If the conversation group doesn't come across with the message from the sender and messages sent with the same conversation group id don't have the same conversation group id on the receive side, what's the point of the code above?

+3  A: 

Conversation groups are a local primitve used for locking. Messages within a conversation group have no order guarantees, and conversation groups do not flow across the wire.

The message order is guaranteed by Service Broker within a conversation. So to preserve the order of corrleated messages in processing, send them on the same conversation.

Conversation groups are needed for groupping a set of conversations that are related to each other. Both GET CONVERSATION GROUP and RECEIVE verbs guarantee that they will lock an entire converstaion group, thus preventing any other thread from processing related messages. For example consider a traveling site. It receives a message with a request to book a holiday package. As a result it initiates a conversation with a hotel booking service and sends a request to reserve a room, it initiates a conversation with an airline reservation service and asks for travel reservation, it initiates a conversation with a car rental agency service and asks for a car reservation. These three new conversation it created are all in the same group with the initial conversation that the request was received on (the application has used the WITH RELATED_CONVERSATIONP clause of BEGIN DIALOG on all 3 of them).
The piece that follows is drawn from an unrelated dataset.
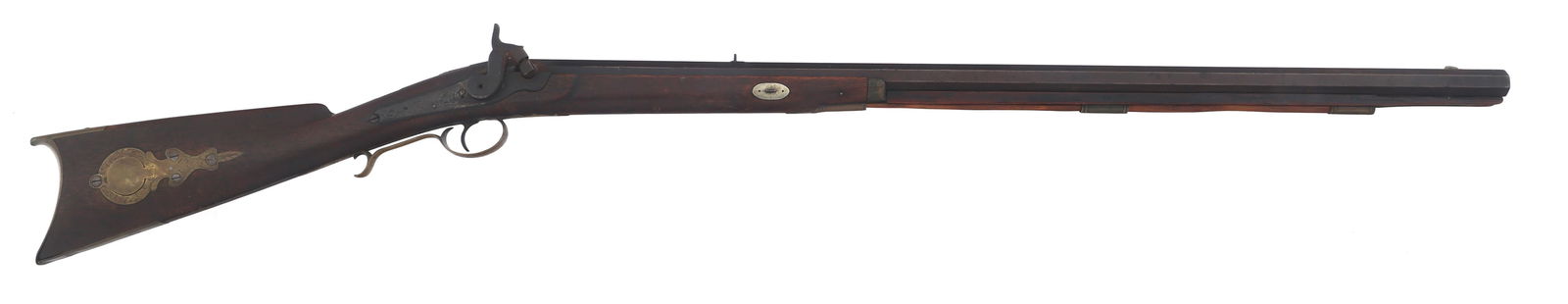 WM READ .45 CALIBER HALF STOCK PERCUSSION RIFLE: WM READ .45 CALIBER HALF STOCK PERCUSSION RIFLE WM Read .45 caliber half stock percussion rifle. 33" octagonal barrel with SA stamped in front of rear sight. WM Read over Boston stamped on side plate.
It then commits and proceed to process the messages in the queue. Later responses from these 3 correlated requests start comming in, at pretty much random times. Say the hotel resposnse comes in first. The message gets picked up by the applicaiton and it goes ahead to update the status of the request with the response from the hotel. At the same time, the airline response comes in. If another thread would be allowed to pick it up, it would try to update the status of the same request, thus resulting in blocking or even deadlock against the thread that is processing the hotel response. When the hotel response is processed, the thread commits and thus unlocks the whole conversation group, allowing for any thread (including itself) to pick up the airline response and process it.

Remus Rusanu
Thanks. That's about the best explanation I could find on the web. Maybe it's just me but the Microsoft MSDN documentation on this feature seems very ambiguous. Any suggestions on how to serialize the processing of messages on the receive queue? I'm sending messages out that can potentially update a single record on the receive side. These messages are from different sources and as such really can't be part of the same conversation. I need to make sure that the messages that relate to each other on the receive side are processed in order and in serial.
Brian Hasden
The target can group conversations using using MOVE CONVERSATION. It can then move any 'new' conversation into it's proper group. Another alternative is to reverse the dialog initiaton: the 'back-end' initates the dialog(s) (and hence control their grouping on his side) and the 'front end' sends on the *target* endpoint of dialogs. If the back-end cannot know the fornt end names/location the 'initiation' can be triggered by the front-end sending a message with the meaning 'subscribe me please at this address'. The proper solution depends on specifics of your scenario. Send me an email.
Remus Rusanu
Yeah, the move conversation approach is what we're currently looking into. The concern is that since move conversation locks the target conversation group and getting messages by their conversation group locks the associated conversation group, we might get into a deadlock situation. We're in the middle of a POC trying to resolve that concern. Thanks for the insight.
Brian Hasden
Indeed MOVE has a potential to deadlock. Kudos for seeing this during analysis. I'm a bit concerned that you plan to use GET CONVERSATION GROUP and not straight RECEIVE. The sole reason GET exists is to alloow the pattern GET GROUP/lookup state on group value/RECEIVE WHERE group, but frankly I see little use for it and I actually regret GET CONVERSATION was allowed into the language. A pattern like RECEIVE NO WHERE/lookup state/process is just as easy to code and actually more efficient imho.